I always choose a fresh salmon caviar over lumpfish when price is a factor.

Courses: Dessert, Starters and appetizers
Serves: 8 people

Recipe Ingredients

2 cups 125g / 4.4ozCooked corn kernels
2/3 cup 157mlHeavy cream
1/3 cup 20g / 0.7ozYellow cornmeal
2/3 cup 41g / 1.4ozAll-purpose flour
1 teaspoon 5mlBaking powder
1/2 teaspoon 2.5mlSalt
1/8 teaspoon 0.6mlFreshly-ground black pepper
3 teaspoons 15mlEggs - lightly beaten (large)
1/3 cup 65g / 2.3ozUnsalted butter - melted
2 teaspoons 10mlVegetable oil
  Crème fraiche or sour cream - for serving
  Caviar - for serving

Recipe Instructions

Puree the corn and cream; transfer to a bowl. Stir in cornmeal, flour, baking powder, salt and pepper; mix in the eggs and butter to make a batter.
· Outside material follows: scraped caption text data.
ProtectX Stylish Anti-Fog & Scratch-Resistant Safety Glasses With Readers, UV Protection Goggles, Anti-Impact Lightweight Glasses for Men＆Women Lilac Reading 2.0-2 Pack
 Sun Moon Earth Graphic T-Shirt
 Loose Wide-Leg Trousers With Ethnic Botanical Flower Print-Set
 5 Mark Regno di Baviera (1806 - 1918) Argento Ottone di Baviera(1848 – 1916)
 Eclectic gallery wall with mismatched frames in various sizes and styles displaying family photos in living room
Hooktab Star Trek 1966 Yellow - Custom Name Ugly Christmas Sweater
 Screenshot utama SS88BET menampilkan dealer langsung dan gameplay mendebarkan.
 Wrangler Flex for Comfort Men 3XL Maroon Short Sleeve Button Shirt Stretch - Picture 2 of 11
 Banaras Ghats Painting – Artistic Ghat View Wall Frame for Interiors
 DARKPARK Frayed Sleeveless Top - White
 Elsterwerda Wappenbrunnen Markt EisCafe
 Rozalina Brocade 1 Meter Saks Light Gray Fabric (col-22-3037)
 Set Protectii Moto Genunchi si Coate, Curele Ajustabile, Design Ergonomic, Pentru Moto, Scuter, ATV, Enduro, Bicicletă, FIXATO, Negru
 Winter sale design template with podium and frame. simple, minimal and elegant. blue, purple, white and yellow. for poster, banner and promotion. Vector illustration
Place oil in a nonstick skillet over medium-high heat. Add batter to the skillet in heaping tablespoons. Cook until corn cakes are golden brown, about 1 minute per side. Drain on paper towels. Continue, adding more oil to the skillet as necessary. (Batter makes about 30 cakes.)

To serve, arrange 3 corn cakes on each of 8 plates. Top each with 1 teaspoon of crème fraiche and a small dollop of caviar.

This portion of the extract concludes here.